(Originally published in the Merritt Herald)
© By Othmar Vohringer
Like everyone else in Merritt I followed the almost weekly reports in this newspaper about the sightings of bobcats, cougars and other wildlife in our city. I am also aware that some national media outlets reported on it with their typical sensationalized headlines, like “dangerous wildlife invades Merritt” or “Invasion of dangerous predators has people in Merritt on high alert”. However, I almost fell of my chair when a friend of mine in Germany emailed me, inquiring; “Are you alright?” My friend related to me that a German newspaper carried a similar story about Merritt being invaded by a large numbers of dangerous wildlife.

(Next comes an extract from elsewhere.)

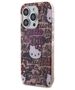 Original Case APPLE IPHONE 15 PRO MAX Hello Kitty Hardcase IML Tags Graffiti (HKHCP15XHDGPTP) pink 3666339188443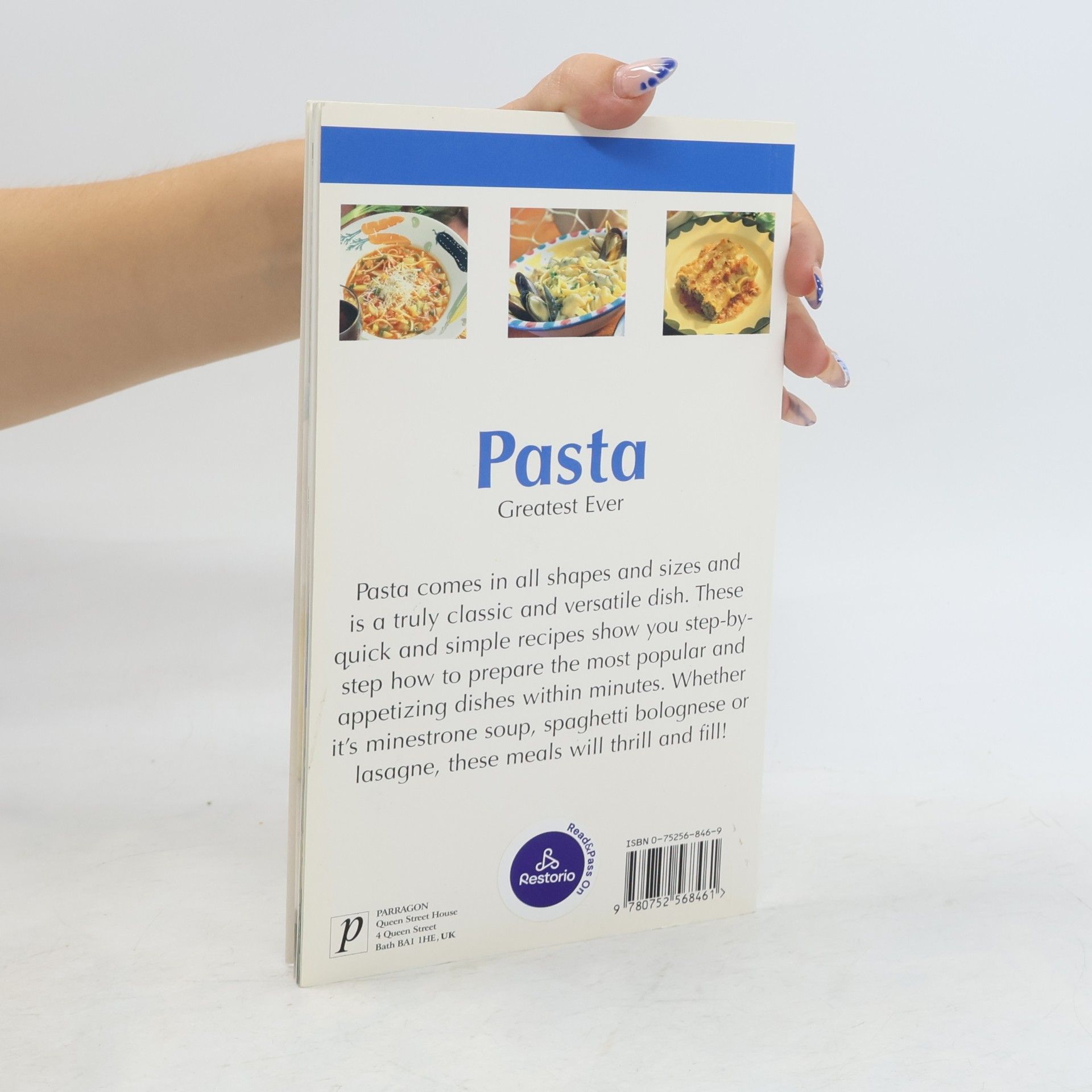 Collectif d'auteurs Pasta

After I was done laughing I emailed my friend back, putting his mind at rest by letting him know that we are not in any danger here. I reminded him that I had worked half of my life with tigers, lions, leopards, and elephants and that it would take a lot more than the mere suspected sighting of a cougar to make me worried.

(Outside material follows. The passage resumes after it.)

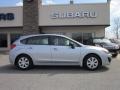 2012 Ice Silver Metallic Subaru Impreza 2.0i 5 Door  photo #8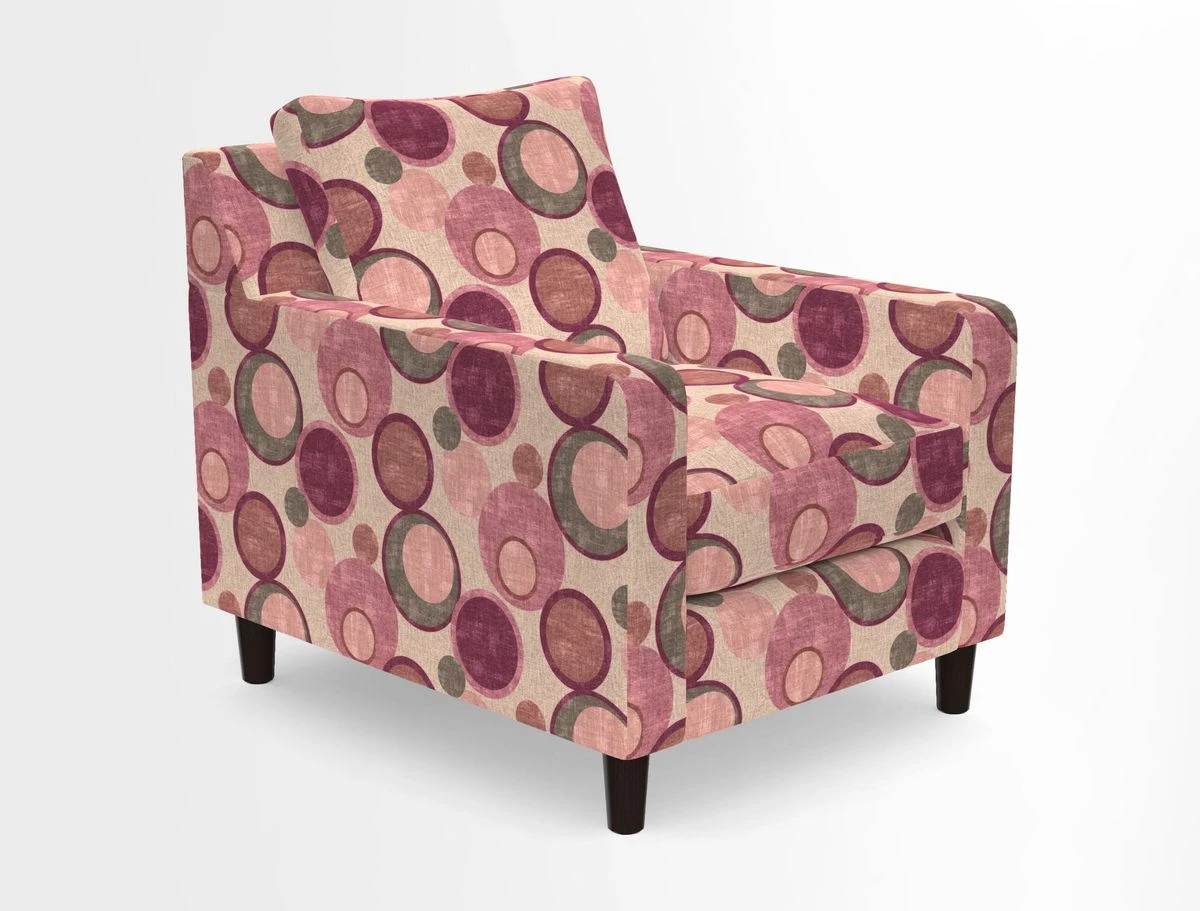 Stopham Chair in Two Tone Plain Biscuit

Indeed, given my professional experience with cats of all sizes I think the hype we have been exposed to in the media is grossly exaggerated and may have caused unnecessary fear in our community. Let me explain. It is highly unlikely that the reported sighting of two cougars in Merritt actually were cougars. Puma concolor is an animal with an extremely solitary habit. This is true of all cat species with the exception of the African lion, however, the cougar has taken solitary living to such an extreme that a human could live an entire life in a cougar area without ever seeing one (alive). Pumas avoid contact with all other animals unless they hunt them for food and certainly avoid humans and their dwellings wherever possible. Cougar attacks on humans are extremely rare, and to my knowledge none occurred near human dwellings. In addition, many cougar sightings have been reported over the years in towns all across North America and most have been proven to be false alarms of mistaken identity.

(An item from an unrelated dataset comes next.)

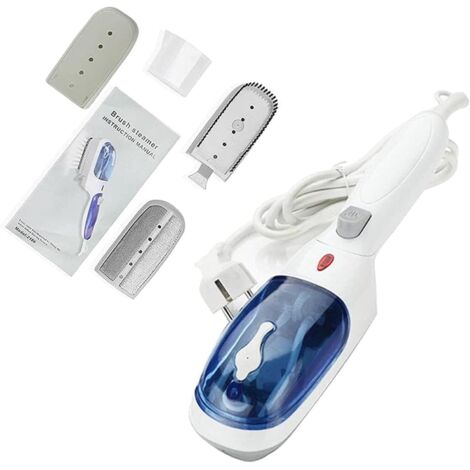 Défroisseur vapeur portatif pour vêtements, défroisseur vapeur vertical de 800 watts adapté aux rideaux et à la literie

Bobcats are another animal that is far overestimated when it comes to “endangering humans”. Like the Puma, bobcats are generally solitary living animals, but they don’t mind some proximity to humans. However, a human, even a small child, is far too big for them to take on as prey. There are no reports of bobcats attacking humans. Domestic feral cats are another story. Bobcats don’t like competition, and like any other wild cat they will chase other felines smaller than themselves in their territory away, or kill them. Come to think of it, I haven’t seen many feral cats in our back alley this winter. Maybe having a few bobcats around town is not so bad after all.